The Rubicon event cannot happen this week. It's a complex process that takes at least two trading days to complete. That means there is still plenty of time to buy confetti.
First, the S&P 500 must close below 1200. That resets the Rubicon condition.
Second, the S&P 500 must close above 1200. That's the true Rubicon. That's when the confetti would appear! ;)
(Gallows humor, you've got to love it. Seriously. I think it may be part of the Patriot Act. )
Mark,
I remember when you bought that 30 year TIPS. I bought a 10 year about the same time, but when it started to seriously appreciate, I sold it so I could go head to head with the Hi-Freq Mafia. (I ended up buying a higher yielding corporate).
I got out too soon, but you might consider taking your monster profits and buying something else or just sitting in cash for a bit. I would be tempted, or maybe I am just greedy.
Mr Slippery,
I'm fine holding long-term TIPS until maturity. There is no telling how low real yields can go. Just look at World War II and the 1970s.
Not only did I put a large chunk into the 30-year TIPS auction in February (more than a few years worth of living expenses), but I also converted my entire IRA into one 29 year TIPS bond in the secondary markets. I saw a yield I liked and opted not to wait for that auction. I definitely embraced risk this year, but not like many others have.
This isn't about profits to me though. It is about capital preservation. That's all I was trying to do when buying gold and silver in 2004 (and sold in 2006). That's all I'm trying to do now in long-term TIPS.
The profits I have really don't do anything for me. It isn't like the recent run will change anything about my finances over the next 30 years. All it really means is that if I had bought the arguments of Jeremy Siegel I would be pretty much shafted right now as a long-term saver. There are no good choices now. The opportunity is gone. Who knows if there will be another one.

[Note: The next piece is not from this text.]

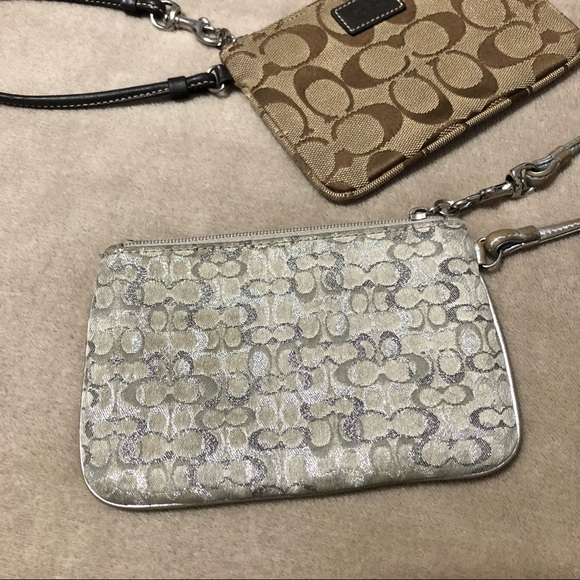 SOLD - Wallet: 2 x COACH Wristlets 🛍 Bundle Me! - Picture 2 of 4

It is my hope that real rates rise from here. That would not hurt me. It would actually help me. I have a TIPS bond ladder. As bonds mature I'd like to reinvest. I am not rooting for lower rates. Let's just put it that way.
I also have a fairly high cash balance to meet my short-term spending needs over the next 5 years. I'd like to see rates rise so that I could deploy that money safely. I have no desire to chase TIPS with it though, especially at these prices.
I will not count the Rubicon eggs until they hatch.
Stag,
I know! The line held! I was watching the tape right until the end. Oh well, tomorrow is another day.
I call it the Dreyfus effect named for the money market accounts set up under the uniform gift to minors act for my children way back when where the fees exceeded the interest paid. To quote you: sigh.
Actually to clarify the accounts were set up under Kemper and did okay but then Dreyfus bought out the Kemper funds and that is when the Dreyfus effect kicked in.
mab,
Perhaps Ben Bernanke secretly loved the Rubicon joke and intervened.
That scandalous rascal and monetary hooligan!
If true, what a sense of humor!
The Dreyfus Effect?
Nice!
I think our economy is experiencing the Richard Dreyfuss Effect.
"Death Therapy, Bob. It's a guaranteed cure."
Well when Dr. Bernanke is administering inter-cranial lead therapy to the risk free rate of return death is the only outcome. Can't blame him as Dr. Greenspan used the same therapy to great effect; but the lead toxicity is now killing the patient.
dd,
But... but...
It's Miracle Day! What could possibly go wrong?